Depuis lors, Rossini vit dans les délices de ce dolce farniente, qu'il adore, voyageant de temps à autre dans l'intérieur de la péninsule, allant de Bologne à Milan, à Venise, à Florence, à Rome, à Naples; il n'a fait qu'un seul voyage en France, il y a une douzaine d'années, et les témoignages d'admiration et de respect dont il a été entouré n'ont réussi ni à lui faire rompre le silence en faveur d'un de nos théâtres, ni à le ramener dans le pays où il serait le mieux à même de jouir de sa gloire. Car, chose remarquable, l'Italie, avide de musique nouvelle, quelle qu'elle soit, néglige fort les œuvres du puissant génie qui domine de si haut l'art lyrique contemporain; l'Allemagne le goûte fort, il est vrai, aujourd'hui, mais le représente rarement. Paris est de toutes les capitales du monde celle où le nom et la musique de Rossini excitent toujours le plus d'enthousiasme, celle aussi où ses opéras sont relativement exécutés avec le plus d'éclat et de pompe, sinon avec la plus complète perfection.
On a dit que Rossini était devenu indifférent à sa gloire musicale; il y a tout lieu de croire qu'on s'est trompé; on aura pris pour de l'indifférence quelque saillie ironique du spirituel auteur d'il Barbiere. Voici, dans ce genre, une anecdote qui nous paraît assez bien caractériser l'esprit volontiers mystificateur du grand maestro.
Un de nos amis se trouvait un jour, il y a une dizaine d'années, dans le bureau du secrétaire de la légation française à Rome, attendant un renseignement; il vit entrer un assez gros homme qu'à sa tournure, à sa mise et à son parapluie sous le bras, on aurait aisément pris pour un bon bourgeois romain, mais en qui il reconnut aussitôt l'auteur de Guillaume Tell. Retiré dans un angle de la salle, notre ami se prit à examiner le grand compositeur et à rechercher sur ce visage charnu, sur cette physionomie sensuelle, les lignes et les caractères du génie musical. Pendant ce temps-là, Rossini s'était approché du secrétaire, pour faire viser le passe-port d'une dame française qui se rendait à Naples. Le visa et le cachet apposés sur la feuille, on la rendit au gros homme, qui remercia, la mit dans sa poche et se dirigea vers la porte. Tout à coup, et comme ayant l'air de se raviser, il se retourna du côté du secrétaire, qui, jusque-là, n'avait paru faire aucune attention à lui:
—A propos, monsieur, lui dit-il en français, auriez-vous quelques commissions pour Naples; j'y accompagne madame N..., je m'en chargerais avec plaisir.

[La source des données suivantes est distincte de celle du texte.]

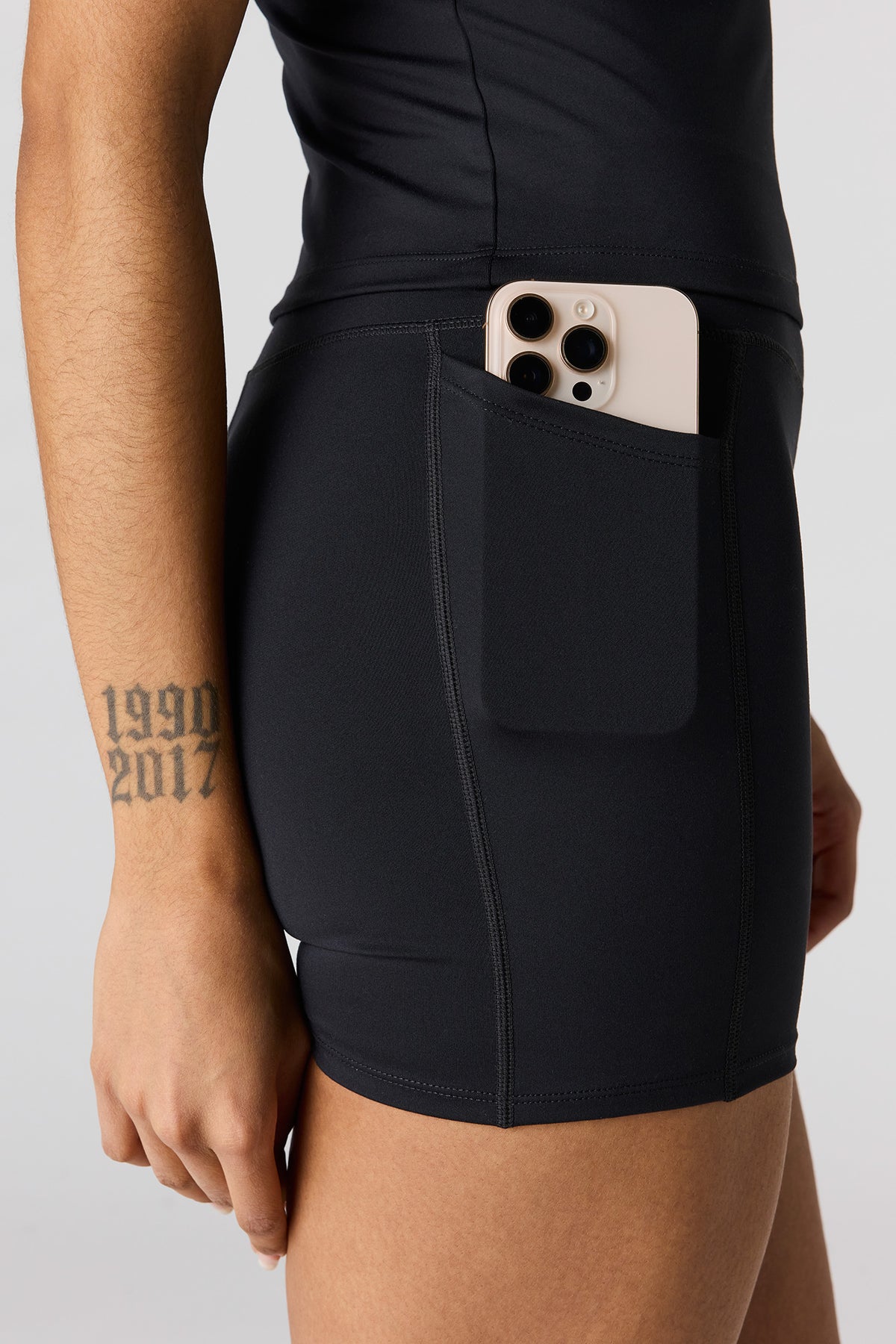 Vue alternative 4. Short Active haute densité avec poches latérales 4 po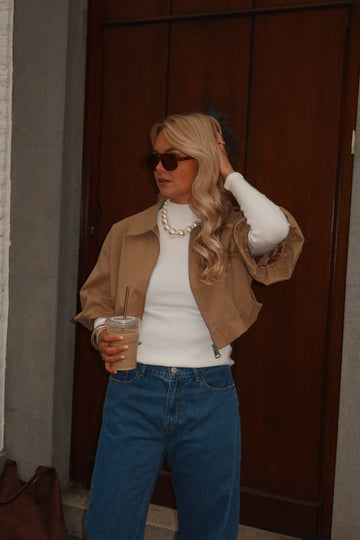 Jasje Bent - Beige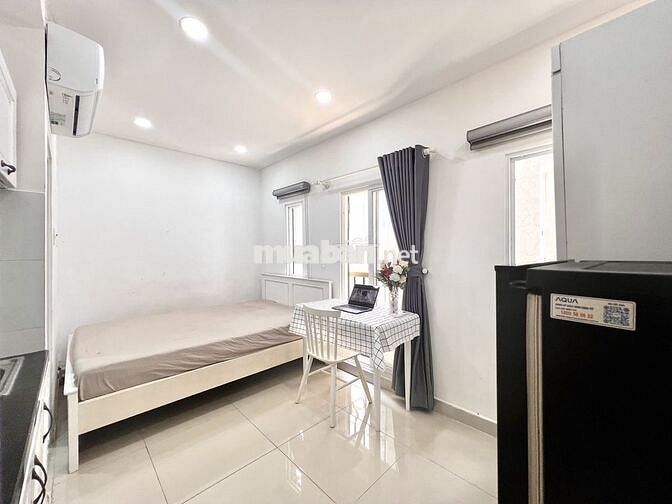 PHÒNG FULL NỘI THẤT NGAY CHỢ LÝ PHỤC MAN - THANG MÁY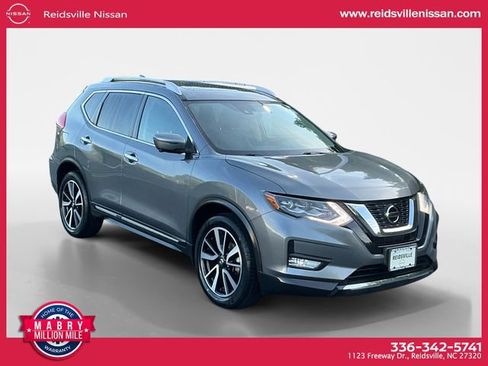 Used 2018 Nissan Rogue SL w/ Premium Package AWD/4WD image 8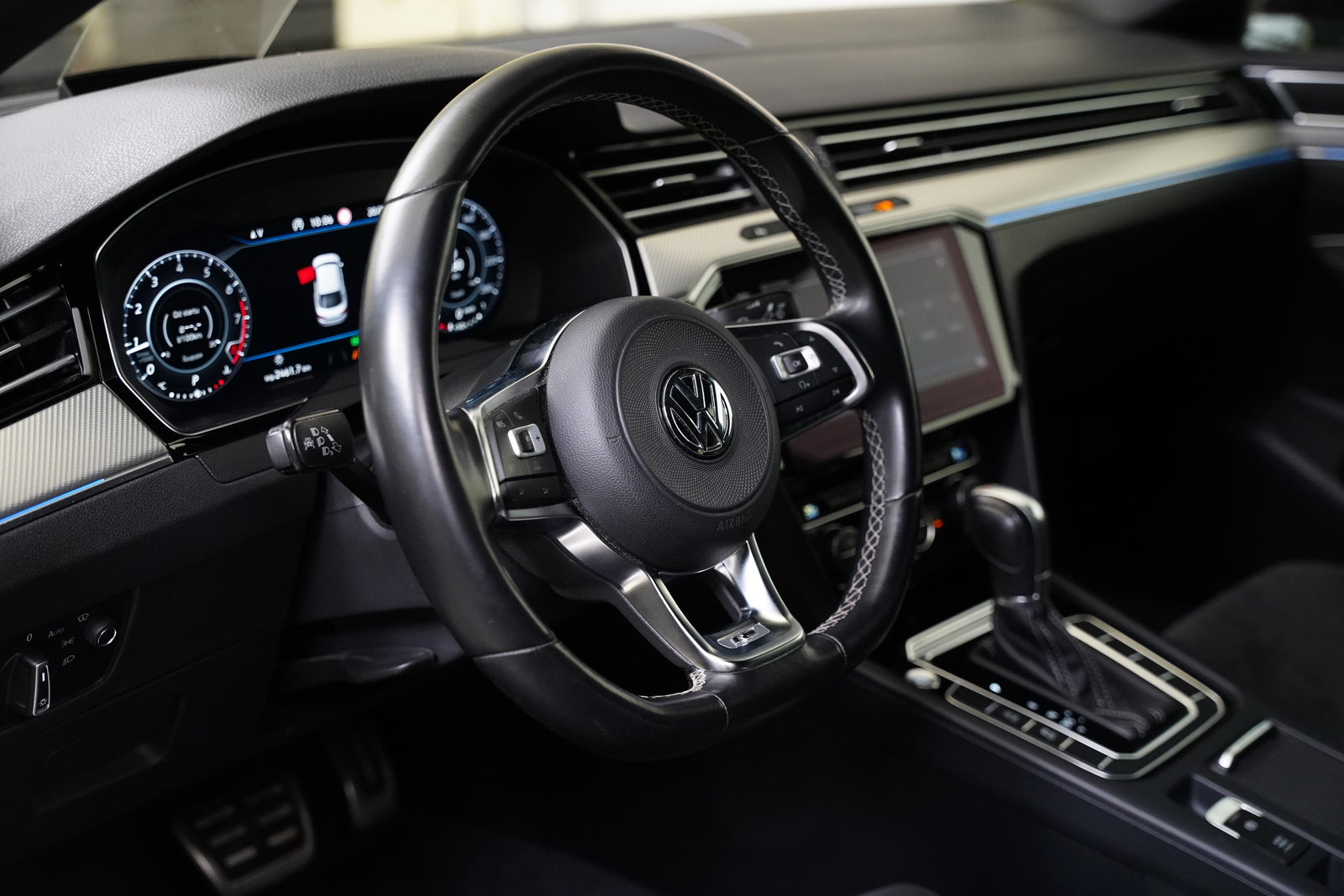 Volkswagen Arteon 2.0 TSI 140 kW R-Line – foto 14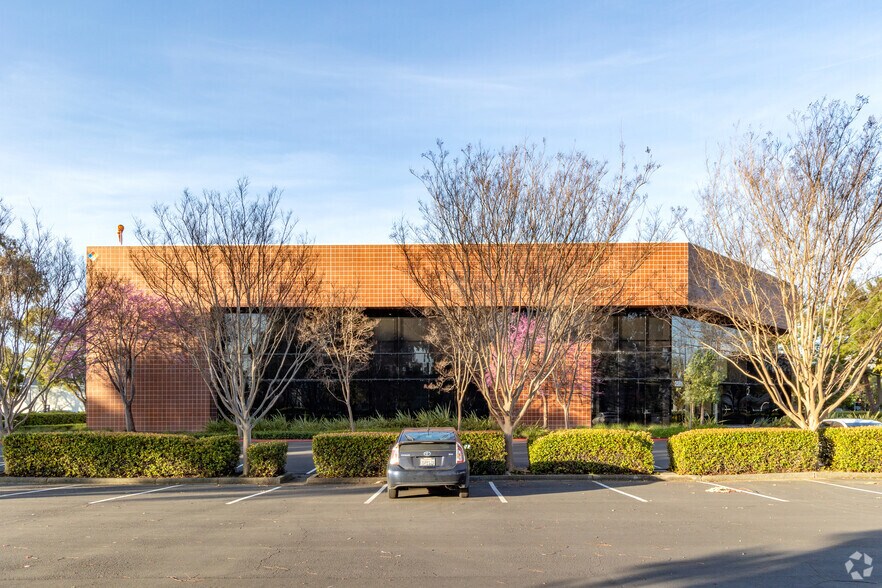 More Photos Of 2581 Junction Ave, San Jose Research And Development For Lease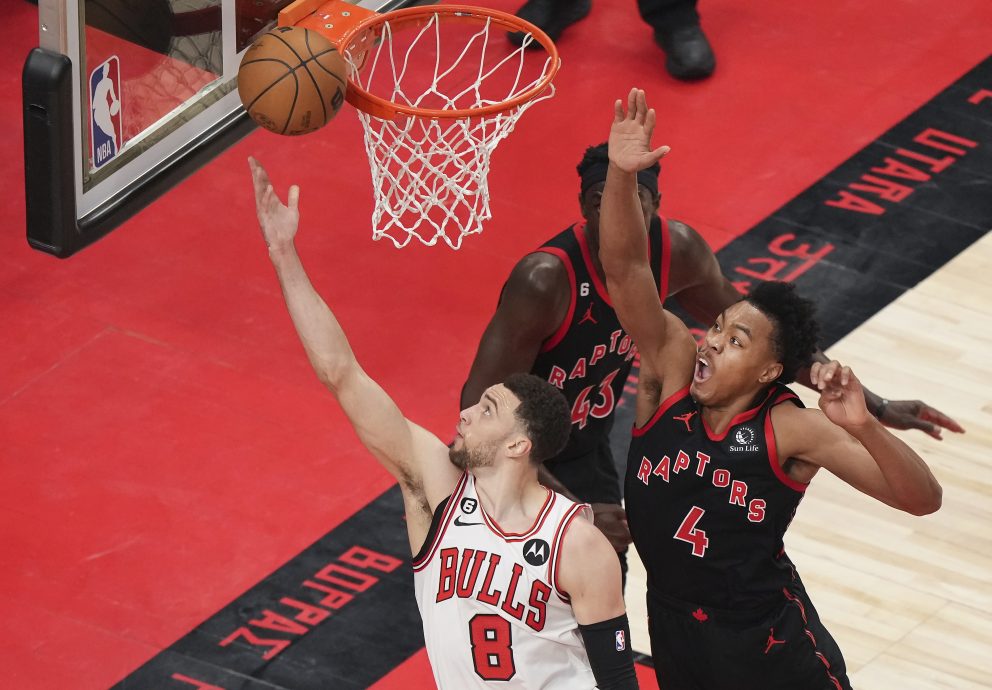 NBA| 拉文下半场爆发轰30分 公牛落后19分大逆转暴龙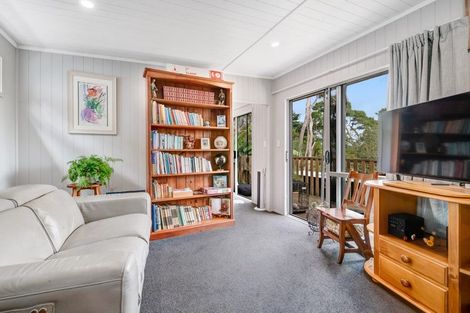 Photo of property in 12 Chenery Road, Red Beach, 0932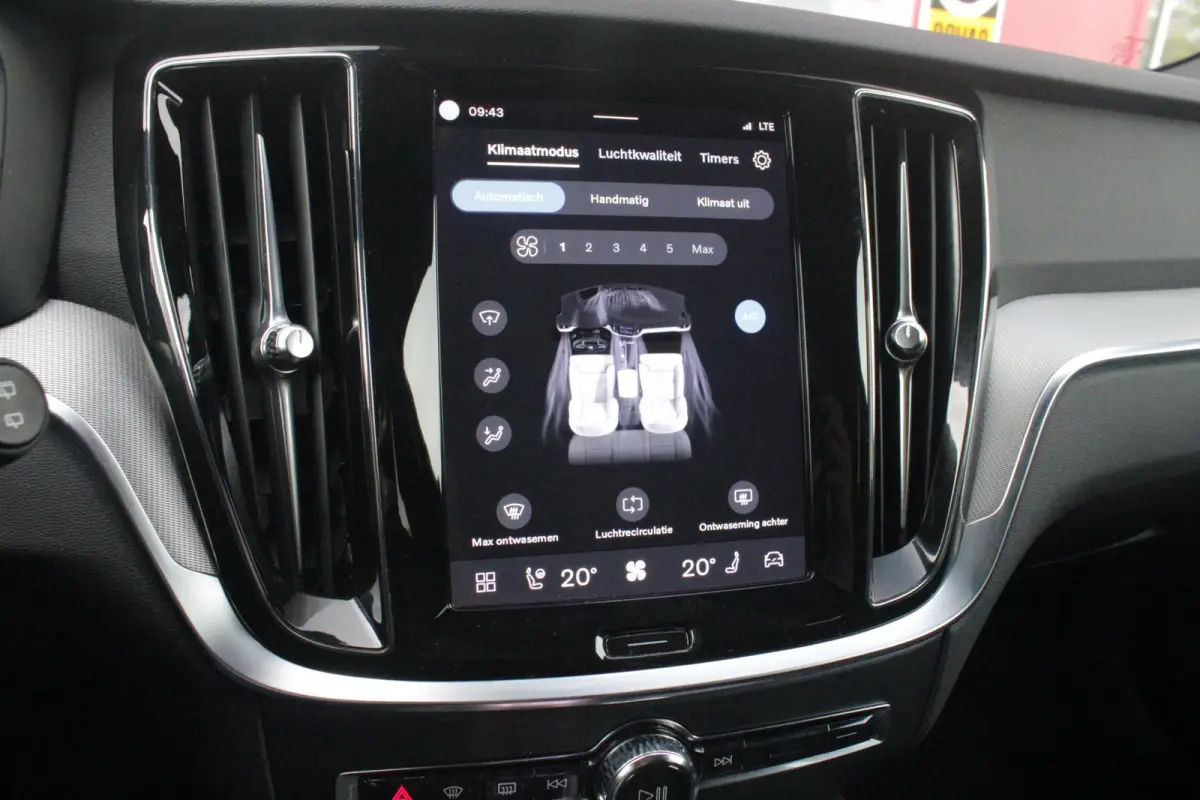 2.0 T6 Plug-in hybrid 350PK AWD PLUS DARK | LONG RANGE | PANORAMISCH SCHUIF/KANTELDAK | NAVIGATIE VIA GOOGLE AUTO | APPLE CARPLAY / ANDROID AUTO | FULL-LED KOPLAMPEN | 125319" 6-SPAAKS BLACK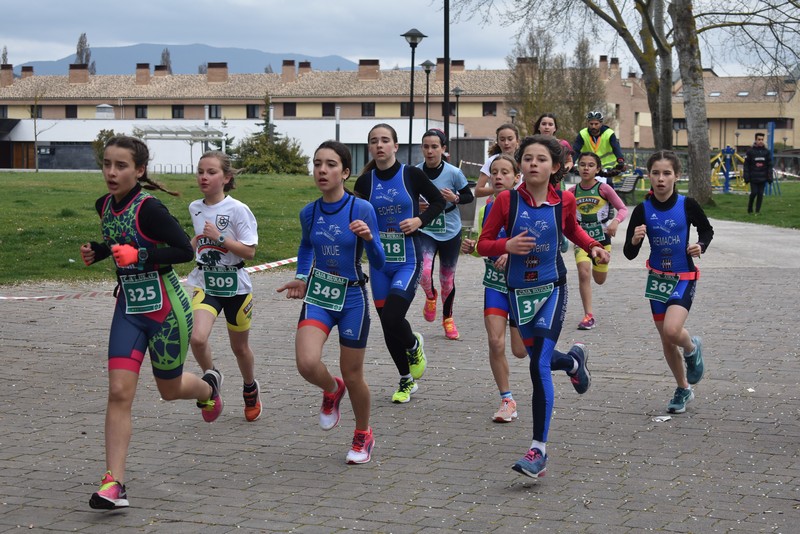 Gran participación de las categorías inferiores en el Duatlón de Aranguren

Le secrétaire regarda avec étonnement cet étrange monsieur qui, sans être connu de lui, venait ainsi à brûle-pourpoint lui faire de pareilles offres de services.
—Mais non, monsieur, lui répondit-il, d'un ton qui voulait dire en même temps: Voilà un plaisant original!
—Oh! vous pourriez m'en charger sans crainte, reprit le gros homme, en mettant la main sur le bouton de la porte, vous avez peut-être entendu parler de moi en France; je suis monsieur Rossini... un ancien compositeur de musique.
Le secrétaire se leva pour le saluer et s'excuser; mais Rossini avait déjà fermé la porte sur lui, et il se sauvait en riant.
Espérons que tout ancien compositeur de musique qu'il se dit, Rossini n'aura pas consacré exclusivement ses loisirs à la pêche et aux bons mots, et qu'un jour viendra où il y aura encore une page glorieuse à ajouter à cette biographie.